4. Regulatory expertise
While the legislative process requires general legal knowledge, with the participation of sector-specific experts as was the case with the Insurance Act, the infra-legal regulatory procedure should rely on stronger technical expertise to come to balanced decisions on incomplete and changing information, without requiring excessive justification. The Insurance Act establishes several qualification requirements for the Commissioner and its Deputy, including a professional insurance qualification and at least ten years of post-qualification experience in insurance matters for the former and five years for the latter.
5. Efficiency of the regime
The claim to efficiency can be the most controversial when considering regulation. Given the imprecision of mandates granted by policymakers to regulators and the lack of objective goals set, it is usually difficult to ascertain whether regulatory frameworks lead to the best allocative efficiency – the optimal distribution of goods to make at least one consumer better off without making another consumer worse off – and the best dynamic efficiency – incentivising of process and product innovation, and flexible responses to changes in demand. This is, however, exactly where the new Insurance Act of Ghana sets itself apart and shows great promise.
By embedding the concept of inclusive insurance and microinsurance explicitly in the insurance law, the legislator lays out a clear framework for the development of the market, which is reinforced by the Act’s general provisions of developing a sustainable insurance market and the support and encouragement of financial inclusion within insurance. This is landmark recognition for inclusive and microinsurance, as in many emerging markets regulators still struggle justifying their role in market development and balancing it with their mandates of consumer protection and financial stability.
The palpable excitement permeating the dialogue at the recent MiN Country Workshop convey a perception amongst market players that the new Act provides an improved robust regulation for both the provision of inclusive and microinsurance and the development of innovative business models.
The new Insurance Act enables new license categories for inclusive insurance distribution channels: the “microinsurance agent”, a person who acts as an insurance agent, specifically dealing with microinsurance contracts, and the “technical service provider”, a company who offers support for the provision of insurance services, including a) product development services; b) underwriting policies; c) distributing policies; d) administration of policies, including premium collection and customer services; and e) administration of claims. It also allows for the exemption of specified persons from the requirement to obtain an insurance intermediary license to act as an insurance agent for the distribution and sale of inclusive and microinsurance contracts.
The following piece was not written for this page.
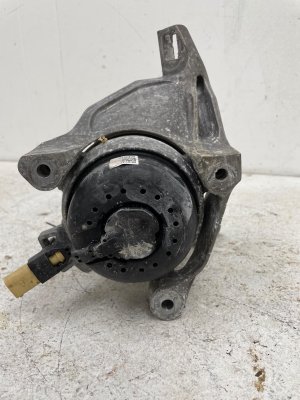2017-2024 Audi Q7 Transmission Mount - Front (Used OEM)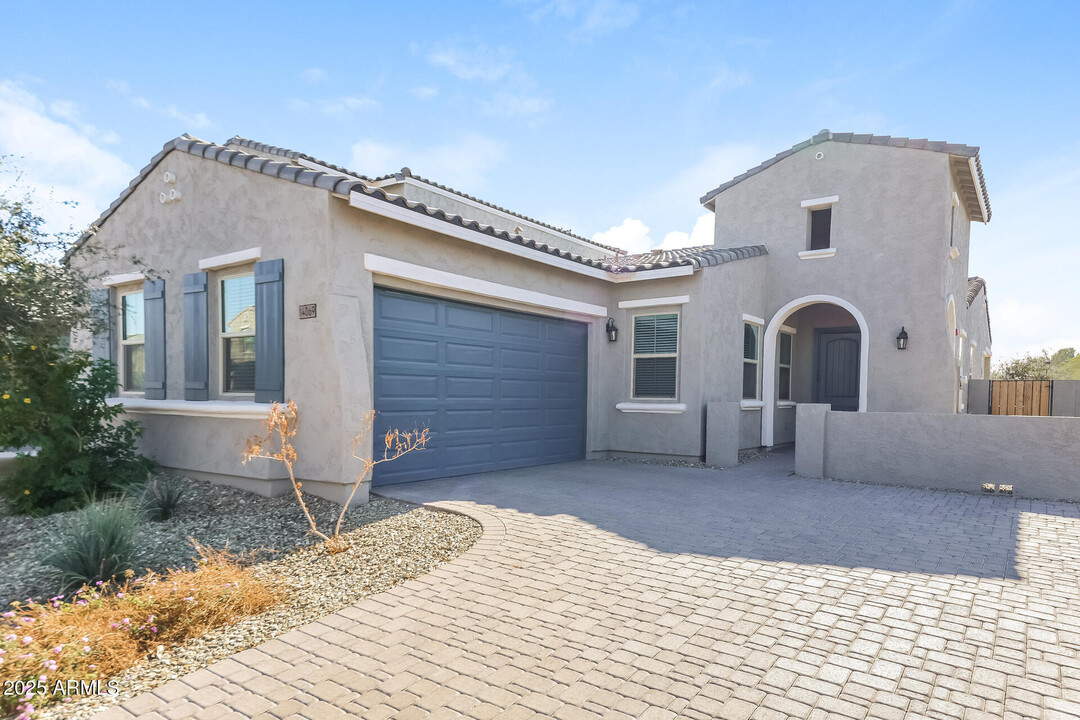 14069 W Desert Flower Dr in Goodyear, AZ - Building Photo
Furthermore, the law provides a set of enabling rules for the creation of a sandbox space that encompasses licenses for innovative insurance intermediaries, insurers and reinsurers. These licenses are conditional to projects that incorporate new or different technological or innovative measures, and they can last up to two years. The applicant needs to demonstrate that its customers have been adequately protected; and that the grant of the innovative license will not materially impact the NIC’s ability to supervise. And it goes further, in considering consumer protection, the NIC should consider the sophistication of the customer.
Having successfully ticked the five key boxes for regulatory quality, all these elements together seem to justify the excitement of the insurance authority and of the market as a whole. Collaboratively, a well-rounded framework was built, with malleability for regulatory development moving forward. With such an enabling regulatory environment now in place, players from across the insurance value chain are well-poised to design relevant products to take people’s protection to a new scale in Ghana.